CREATE TABLE people (
    id INT PRIMARY KEY,
    name STRING NOT NULL,
    hobby_id INT REFERENCES hobbies (id)
);
type Hobby struct {
	ID       int            `db:"id"`
	Hobby    string         `db:"hobby"`
	Location sql.NullString `db:"location"`
}

type Person struct {
	ID      int            `db:"id"`
	Name    string         `db:"name"`
	HobbyID sql.NullString `db:"hobby_id"`
	Hobby   *Hobby         `db:"hobby"`
}

func getPeople(sqlxDB *sqlx.DB) ([]Person, error) {
	people := []Person{}
	query := `SELECT
		people.id "id",
		people.name "name",
		people.hobby_id "hobby_id",
		COALESCE(hobbies.hobby, '') "hobby.hobby",
		COALESCE(hobbies.location, '') "hobby.location"
	FROM
		people
	LEFT JOIN hobbies ON
		people.hobby_id = hobbies.id`

	if err := sqlxDB.Select(&people, query); err != nil {
		return nil, err
	}

	// if `hobby_id` is `NULL`, set `person.Hobby` is `nil`
	for i := range people {
		if !people[i].HobbyID.Valid {
			people[i].Hobby = nil
		}
	}
	return people, nil
}

Notice how Hobby.Hobby is still of type string, because NULL values will be coalesced into ''. If the HobbyId is not valid (hobby_id is NULL) then you can just ignore the coalesced values by setting person.Hobby = nil.

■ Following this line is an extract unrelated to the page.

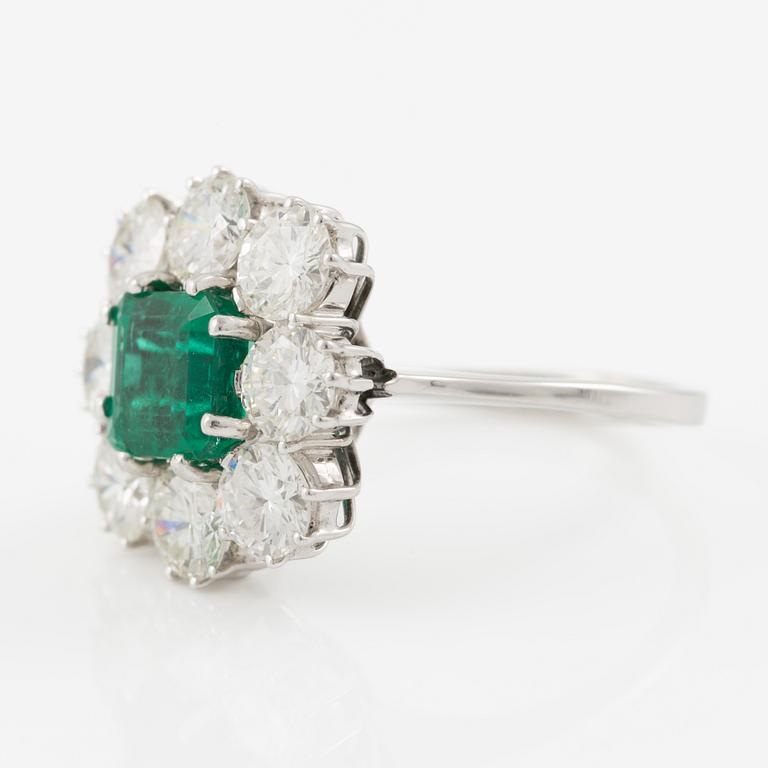 An 18K whitegold ring set with a step-cut emerald and round brilliant-cut diamonds.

dev-rice avatar Jun 19 '19 19:06 dev-rice

+1

tomwassing avatar Jul 16 '19 17:07 tomwassing

Is this something that can be supported? LEFT OUTER JOIN is pretty common. Would it be bad for sqlx to just check if the resulting join is null, and if its, do not instantiate the struct? This seems pretty standard for a struct serialization library with join support.

austinh avatar Dec 09 '19 18:12 austinh

This should be supported, in my opinion. It practically blocks scanning results of LEFT JOIN queries that might yield no matching value.

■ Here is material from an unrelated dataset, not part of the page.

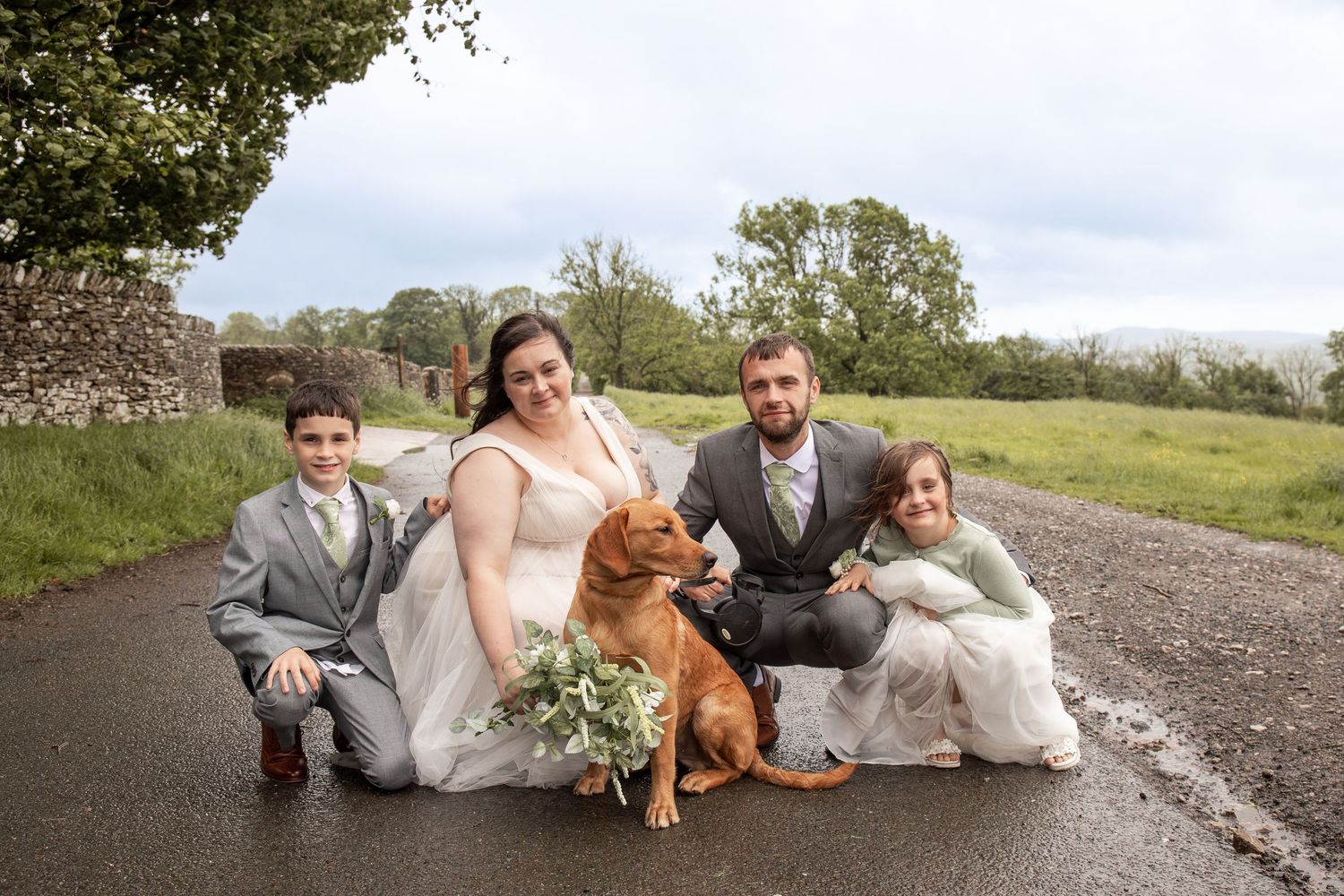 Wedding couple with two children and a golden dog posing on a country road surrounded by green fields.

ywilkof avatar Apr 06 '20 15:04 ywilkof

@jmoiron This would be pretty nice to add to SQLx. I can put together a PR if we agreed on the behavior, what do you think?

yousseftelda avatar Jun 28 '20 08:06 yousseftelda

@yousseftelda Did you ever make that pr? If not, I might make a stab at it.

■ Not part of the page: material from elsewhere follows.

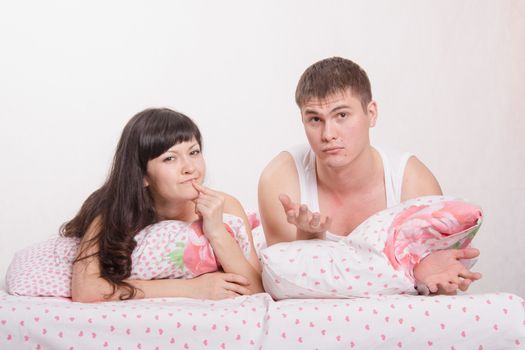 Young beautiful couple are thinking about the problems lying in bed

byrnedo avatar Nov 10 '22 12:11 byrnedo

If you are using PostgreSQL you can use COALESCE to get around making all your struct fields nullable.

Example:

CREATE TABLE hobbies (
    id INT PRIMARY KEY,
    hobby STRING NOT NULL,
    location STRING
);

CREATE TABLE people (
    id INT PRIMARY KEY,
    name STRING NOT NULL,
    hobby_id INT REFERENCES hobbies (id)
);
type Hobby struct {
	ID       int            `db:"id"`
	Hobby    string         `db:"hobby"`
	Location sql.NullString `db:"location"`
}

type Person struct {
	ID      int            `db:"id"`
	Name    string         `db:"name"`
	HobbyID sql.NullString `db:"hobby_id"`
	Hobby   *Hobby         `db:"hobby"`
}

func getPeople(sqlxDB *sqlx.DB) ([]Person, error) {
	people := []Person{}
	query := `SELECT
		people.id "id",
		people.name "name",
		people.hobby_id "hobby_id",
		COALESCE(hobbies.hobby, '') "hobby.hobby",
		COALESCE(hobbies.location, '') "hobby.location"
	FROM
		people
	LEFT JOIN hobbies ON
		people.hobby_id = hobbies.id`

	if err := sqlxDB.Select(&people, query); err != nil {
		return nil, err
	}

	// if `hobby_id` is `NULL`, set `person.Hobby` is `nil`
	for i := range people {
		if !people[i].HobbyID.Valid {
			people[i].Hobby = nil
		}
	}
	return people, nil
}

Notice how Hobby.Hobby is still of type string, because NULL values will be coalesced into ''. If the HobbyId is not valid (hobby_id is NULL) then you can just ignore the coalesced values by setting person.Hobby = nil.